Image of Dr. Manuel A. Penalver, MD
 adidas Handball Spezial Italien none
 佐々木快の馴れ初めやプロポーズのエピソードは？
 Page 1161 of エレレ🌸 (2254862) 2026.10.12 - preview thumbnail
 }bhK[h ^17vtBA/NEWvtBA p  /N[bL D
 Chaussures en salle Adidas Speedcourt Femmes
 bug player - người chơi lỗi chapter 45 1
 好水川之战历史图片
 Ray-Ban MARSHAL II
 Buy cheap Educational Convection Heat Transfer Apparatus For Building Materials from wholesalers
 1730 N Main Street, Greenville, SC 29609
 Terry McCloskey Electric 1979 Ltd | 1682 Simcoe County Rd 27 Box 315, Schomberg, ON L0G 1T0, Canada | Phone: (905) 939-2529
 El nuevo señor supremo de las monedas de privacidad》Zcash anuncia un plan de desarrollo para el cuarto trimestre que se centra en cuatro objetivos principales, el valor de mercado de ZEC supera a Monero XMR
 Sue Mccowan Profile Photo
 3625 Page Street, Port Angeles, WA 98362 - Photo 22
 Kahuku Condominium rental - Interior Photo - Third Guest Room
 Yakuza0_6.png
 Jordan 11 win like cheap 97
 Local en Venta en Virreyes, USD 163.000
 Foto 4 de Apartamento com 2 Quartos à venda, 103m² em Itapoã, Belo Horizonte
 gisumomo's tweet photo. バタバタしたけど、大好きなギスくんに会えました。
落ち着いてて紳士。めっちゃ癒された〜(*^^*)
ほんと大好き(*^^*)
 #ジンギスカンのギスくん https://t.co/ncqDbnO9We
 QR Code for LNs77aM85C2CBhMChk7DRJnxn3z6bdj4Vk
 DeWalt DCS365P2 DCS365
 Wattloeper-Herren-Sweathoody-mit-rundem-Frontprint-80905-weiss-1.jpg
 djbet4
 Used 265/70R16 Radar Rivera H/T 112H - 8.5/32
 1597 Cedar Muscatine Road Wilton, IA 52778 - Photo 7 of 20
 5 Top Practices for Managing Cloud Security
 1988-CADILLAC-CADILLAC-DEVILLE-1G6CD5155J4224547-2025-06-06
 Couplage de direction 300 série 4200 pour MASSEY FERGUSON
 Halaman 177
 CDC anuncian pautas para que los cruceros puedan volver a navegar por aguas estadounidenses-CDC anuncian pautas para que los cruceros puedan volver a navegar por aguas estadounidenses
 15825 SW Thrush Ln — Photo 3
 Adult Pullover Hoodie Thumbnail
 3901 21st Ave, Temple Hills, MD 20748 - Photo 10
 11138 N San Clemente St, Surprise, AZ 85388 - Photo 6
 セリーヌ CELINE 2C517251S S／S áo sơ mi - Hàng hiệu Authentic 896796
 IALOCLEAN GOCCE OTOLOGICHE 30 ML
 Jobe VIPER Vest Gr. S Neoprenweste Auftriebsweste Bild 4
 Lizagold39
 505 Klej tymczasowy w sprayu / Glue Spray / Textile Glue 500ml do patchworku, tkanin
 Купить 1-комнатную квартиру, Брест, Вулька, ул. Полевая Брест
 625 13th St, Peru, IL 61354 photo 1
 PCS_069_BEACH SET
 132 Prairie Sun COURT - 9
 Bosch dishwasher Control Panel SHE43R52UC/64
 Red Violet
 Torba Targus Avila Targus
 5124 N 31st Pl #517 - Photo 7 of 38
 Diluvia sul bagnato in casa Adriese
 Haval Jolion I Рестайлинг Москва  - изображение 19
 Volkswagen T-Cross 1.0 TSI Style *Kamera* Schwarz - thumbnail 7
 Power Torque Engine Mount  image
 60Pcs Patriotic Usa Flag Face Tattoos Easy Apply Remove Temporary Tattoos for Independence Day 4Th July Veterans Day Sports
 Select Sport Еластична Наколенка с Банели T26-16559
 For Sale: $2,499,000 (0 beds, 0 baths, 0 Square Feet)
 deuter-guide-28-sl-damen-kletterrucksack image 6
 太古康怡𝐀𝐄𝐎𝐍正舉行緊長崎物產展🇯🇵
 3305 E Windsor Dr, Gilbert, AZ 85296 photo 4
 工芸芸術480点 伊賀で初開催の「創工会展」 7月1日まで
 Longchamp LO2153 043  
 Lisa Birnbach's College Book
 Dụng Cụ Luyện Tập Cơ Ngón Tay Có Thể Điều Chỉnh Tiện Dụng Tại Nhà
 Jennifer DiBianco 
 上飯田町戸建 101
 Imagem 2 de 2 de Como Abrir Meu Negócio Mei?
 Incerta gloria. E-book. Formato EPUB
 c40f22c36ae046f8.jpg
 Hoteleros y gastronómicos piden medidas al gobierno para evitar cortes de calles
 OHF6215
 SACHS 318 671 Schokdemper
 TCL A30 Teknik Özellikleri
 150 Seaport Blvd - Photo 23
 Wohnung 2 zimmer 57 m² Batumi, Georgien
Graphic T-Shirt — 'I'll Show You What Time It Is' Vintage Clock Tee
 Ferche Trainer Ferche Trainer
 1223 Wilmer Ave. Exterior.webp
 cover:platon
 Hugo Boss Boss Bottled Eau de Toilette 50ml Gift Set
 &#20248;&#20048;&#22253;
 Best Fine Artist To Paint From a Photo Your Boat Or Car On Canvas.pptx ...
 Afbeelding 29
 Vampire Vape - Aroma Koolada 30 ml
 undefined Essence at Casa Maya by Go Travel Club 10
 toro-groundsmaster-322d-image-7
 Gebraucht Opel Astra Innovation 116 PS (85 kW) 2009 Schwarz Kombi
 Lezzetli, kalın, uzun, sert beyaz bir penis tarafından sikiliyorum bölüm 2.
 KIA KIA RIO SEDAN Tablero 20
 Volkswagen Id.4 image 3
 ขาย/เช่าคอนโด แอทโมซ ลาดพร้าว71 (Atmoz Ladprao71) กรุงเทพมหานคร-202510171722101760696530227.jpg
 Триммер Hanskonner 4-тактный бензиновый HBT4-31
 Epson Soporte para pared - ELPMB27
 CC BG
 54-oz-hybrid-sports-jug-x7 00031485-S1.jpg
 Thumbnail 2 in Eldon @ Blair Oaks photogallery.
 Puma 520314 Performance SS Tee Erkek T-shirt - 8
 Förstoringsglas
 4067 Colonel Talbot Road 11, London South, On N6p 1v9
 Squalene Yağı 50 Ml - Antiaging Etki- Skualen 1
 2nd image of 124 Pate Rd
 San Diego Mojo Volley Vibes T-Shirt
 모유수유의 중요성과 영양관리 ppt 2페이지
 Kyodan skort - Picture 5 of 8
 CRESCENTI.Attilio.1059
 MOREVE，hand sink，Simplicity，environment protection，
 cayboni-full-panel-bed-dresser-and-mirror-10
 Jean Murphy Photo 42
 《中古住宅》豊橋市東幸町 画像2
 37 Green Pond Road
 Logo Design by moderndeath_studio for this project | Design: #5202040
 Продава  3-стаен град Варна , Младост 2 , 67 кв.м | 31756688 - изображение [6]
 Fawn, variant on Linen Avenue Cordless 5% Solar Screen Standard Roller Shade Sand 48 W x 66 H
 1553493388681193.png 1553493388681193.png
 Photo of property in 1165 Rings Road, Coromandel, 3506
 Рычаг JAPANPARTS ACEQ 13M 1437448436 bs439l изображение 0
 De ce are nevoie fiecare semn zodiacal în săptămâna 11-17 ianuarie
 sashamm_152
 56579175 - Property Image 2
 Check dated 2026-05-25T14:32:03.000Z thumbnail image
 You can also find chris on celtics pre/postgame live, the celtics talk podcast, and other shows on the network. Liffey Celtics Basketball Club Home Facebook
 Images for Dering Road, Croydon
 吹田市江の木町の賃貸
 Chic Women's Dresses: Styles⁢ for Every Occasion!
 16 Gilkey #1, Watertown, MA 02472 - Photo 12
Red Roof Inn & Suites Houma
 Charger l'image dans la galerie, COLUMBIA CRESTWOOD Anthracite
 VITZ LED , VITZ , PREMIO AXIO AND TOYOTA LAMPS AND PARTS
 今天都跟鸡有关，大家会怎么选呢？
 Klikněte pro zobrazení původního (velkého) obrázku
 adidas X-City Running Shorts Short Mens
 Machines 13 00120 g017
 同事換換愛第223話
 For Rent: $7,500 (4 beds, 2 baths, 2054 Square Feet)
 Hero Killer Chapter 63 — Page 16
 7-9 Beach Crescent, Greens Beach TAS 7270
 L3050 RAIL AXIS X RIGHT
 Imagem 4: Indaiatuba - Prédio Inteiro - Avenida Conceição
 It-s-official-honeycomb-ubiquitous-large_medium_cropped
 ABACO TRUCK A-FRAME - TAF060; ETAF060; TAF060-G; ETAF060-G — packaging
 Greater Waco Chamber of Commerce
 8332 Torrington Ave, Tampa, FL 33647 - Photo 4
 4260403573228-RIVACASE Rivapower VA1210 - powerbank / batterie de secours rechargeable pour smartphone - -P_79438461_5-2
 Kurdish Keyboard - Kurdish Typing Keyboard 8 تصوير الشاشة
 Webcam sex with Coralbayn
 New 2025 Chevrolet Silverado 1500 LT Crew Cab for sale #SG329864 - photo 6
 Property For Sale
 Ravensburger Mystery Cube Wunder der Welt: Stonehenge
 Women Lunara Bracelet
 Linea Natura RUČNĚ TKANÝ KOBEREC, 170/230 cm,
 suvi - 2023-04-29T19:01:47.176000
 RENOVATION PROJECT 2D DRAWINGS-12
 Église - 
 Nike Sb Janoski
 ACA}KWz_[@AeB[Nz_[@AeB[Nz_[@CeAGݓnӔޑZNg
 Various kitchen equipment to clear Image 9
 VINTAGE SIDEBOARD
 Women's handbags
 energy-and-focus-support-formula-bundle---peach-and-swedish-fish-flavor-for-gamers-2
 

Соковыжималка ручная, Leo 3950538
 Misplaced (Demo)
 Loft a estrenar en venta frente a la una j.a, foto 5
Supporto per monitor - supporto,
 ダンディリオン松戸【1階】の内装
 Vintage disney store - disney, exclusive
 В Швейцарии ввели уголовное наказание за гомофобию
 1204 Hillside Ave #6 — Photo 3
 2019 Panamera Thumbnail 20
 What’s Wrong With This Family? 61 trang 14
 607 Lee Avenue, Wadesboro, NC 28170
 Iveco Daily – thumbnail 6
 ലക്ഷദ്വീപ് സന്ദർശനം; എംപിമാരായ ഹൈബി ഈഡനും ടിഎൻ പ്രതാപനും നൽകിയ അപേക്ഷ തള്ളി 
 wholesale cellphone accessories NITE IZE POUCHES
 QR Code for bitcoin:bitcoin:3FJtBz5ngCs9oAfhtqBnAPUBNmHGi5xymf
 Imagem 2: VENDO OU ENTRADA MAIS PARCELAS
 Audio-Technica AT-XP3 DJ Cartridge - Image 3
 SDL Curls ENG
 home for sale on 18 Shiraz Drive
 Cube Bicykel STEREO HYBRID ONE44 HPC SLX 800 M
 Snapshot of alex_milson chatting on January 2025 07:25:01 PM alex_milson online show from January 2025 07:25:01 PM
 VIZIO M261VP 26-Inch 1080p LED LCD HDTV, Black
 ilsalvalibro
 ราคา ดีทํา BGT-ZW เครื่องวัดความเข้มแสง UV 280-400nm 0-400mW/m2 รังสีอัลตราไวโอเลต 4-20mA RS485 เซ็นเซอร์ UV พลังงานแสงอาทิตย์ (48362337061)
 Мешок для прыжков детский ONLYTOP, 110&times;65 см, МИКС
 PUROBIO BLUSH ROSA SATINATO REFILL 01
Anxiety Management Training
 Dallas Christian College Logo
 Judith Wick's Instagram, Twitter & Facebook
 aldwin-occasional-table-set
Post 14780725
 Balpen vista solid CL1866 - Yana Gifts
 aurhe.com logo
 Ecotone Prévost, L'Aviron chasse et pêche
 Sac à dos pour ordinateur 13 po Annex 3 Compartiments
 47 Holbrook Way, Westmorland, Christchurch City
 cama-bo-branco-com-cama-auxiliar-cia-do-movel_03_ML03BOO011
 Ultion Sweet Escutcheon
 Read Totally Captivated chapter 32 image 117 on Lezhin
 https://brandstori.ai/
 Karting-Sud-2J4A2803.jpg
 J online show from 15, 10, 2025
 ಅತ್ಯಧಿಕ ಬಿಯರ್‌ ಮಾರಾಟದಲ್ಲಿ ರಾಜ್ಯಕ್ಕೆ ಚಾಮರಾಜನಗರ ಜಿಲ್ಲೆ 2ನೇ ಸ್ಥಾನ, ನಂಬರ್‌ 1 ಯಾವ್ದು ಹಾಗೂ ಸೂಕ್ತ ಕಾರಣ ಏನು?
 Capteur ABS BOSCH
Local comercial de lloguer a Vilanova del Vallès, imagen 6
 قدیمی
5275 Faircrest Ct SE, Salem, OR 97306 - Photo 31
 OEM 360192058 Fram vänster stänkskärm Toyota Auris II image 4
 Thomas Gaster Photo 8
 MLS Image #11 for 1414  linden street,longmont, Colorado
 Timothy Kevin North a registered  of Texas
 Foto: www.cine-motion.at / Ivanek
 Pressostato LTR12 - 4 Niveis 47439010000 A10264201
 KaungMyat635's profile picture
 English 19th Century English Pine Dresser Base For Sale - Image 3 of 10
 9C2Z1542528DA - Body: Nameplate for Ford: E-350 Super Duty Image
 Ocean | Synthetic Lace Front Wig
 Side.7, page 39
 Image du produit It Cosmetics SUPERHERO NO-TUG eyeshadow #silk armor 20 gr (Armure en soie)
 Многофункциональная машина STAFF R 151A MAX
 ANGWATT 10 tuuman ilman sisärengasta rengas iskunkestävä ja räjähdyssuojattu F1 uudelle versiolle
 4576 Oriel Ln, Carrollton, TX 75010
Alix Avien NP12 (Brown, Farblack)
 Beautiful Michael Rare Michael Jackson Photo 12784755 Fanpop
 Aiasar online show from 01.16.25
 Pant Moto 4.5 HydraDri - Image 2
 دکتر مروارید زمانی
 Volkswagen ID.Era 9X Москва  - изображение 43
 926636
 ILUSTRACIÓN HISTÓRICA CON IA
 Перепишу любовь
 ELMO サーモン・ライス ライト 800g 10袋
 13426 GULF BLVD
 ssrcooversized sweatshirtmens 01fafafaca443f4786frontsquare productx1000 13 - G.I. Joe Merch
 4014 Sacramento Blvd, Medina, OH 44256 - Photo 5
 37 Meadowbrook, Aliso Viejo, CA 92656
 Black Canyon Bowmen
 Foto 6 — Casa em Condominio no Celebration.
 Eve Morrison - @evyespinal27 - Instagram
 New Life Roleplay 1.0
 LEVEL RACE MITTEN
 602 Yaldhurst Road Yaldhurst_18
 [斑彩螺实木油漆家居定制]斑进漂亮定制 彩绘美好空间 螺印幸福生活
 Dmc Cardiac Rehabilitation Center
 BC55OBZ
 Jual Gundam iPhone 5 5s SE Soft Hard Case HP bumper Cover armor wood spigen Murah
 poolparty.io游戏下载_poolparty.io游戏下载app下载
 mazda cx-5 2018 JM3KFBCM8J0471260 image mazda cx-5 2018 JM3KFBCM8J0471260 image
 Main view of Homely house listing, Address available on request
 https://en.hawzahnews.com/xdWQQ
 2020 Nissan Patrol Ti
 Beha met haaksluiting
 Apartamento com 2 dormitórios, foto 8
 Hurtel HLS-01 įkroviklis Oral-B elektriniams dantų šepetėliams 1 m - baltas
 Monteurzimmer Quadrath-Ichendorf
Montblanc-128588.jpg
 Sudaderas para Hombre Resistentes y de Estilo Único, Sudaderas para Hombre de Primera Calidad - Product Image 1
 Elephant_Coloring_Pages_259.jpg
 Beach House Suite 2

> **EXERCISE DESCRIPTION**
Look above for the line containing "Best Fine Artist". Output from there through the line containing "Förstoringsglas", exactly and inclusively.

> **EXERCISE SOLUTION**
 Best Fine Artist To Paint From a Photo Your Boat Or Car On Canvas.pptx ...
 Afbeelding 29
 Vampire Vape - Aroma Koolada 30 ml
 undefined Essence at Casa Maya by Go Travel Club 10
 toro-groundsmaster-322d-image-7
 Gebraucht Opel Astra Innovation 116 PS (85 kW) 2009 Schwarz Kombi
 Lezzetli, kalın, uzun, sert beyaz bir penis tarafından sikiliyorum bölüm 2.
 KIA KIA RIO SEDAN Tablero 20
 Volkswagen Id.4 image 3
 ขาย/เช่าคอนโด แอทโมซ ลาดพร้าว71 (Atmoz Ladprao71) กรุงเทพมหานคร-202510171722101760696530227.jpg
 Триммер Hanskonner 4-тактный бензиновый HBT4-31
 Epson Soporte para pared - ELPMB27
 CC BG
 54-oz-hybrid-sports-jug-x7 00031485-S1.jpg
 Thumbnail 2 in Eldon @ Blair Oaks photogallery.
 Puma 520314 Performance SS Tee Erkek T-shirt - 8
 Förstoringsglas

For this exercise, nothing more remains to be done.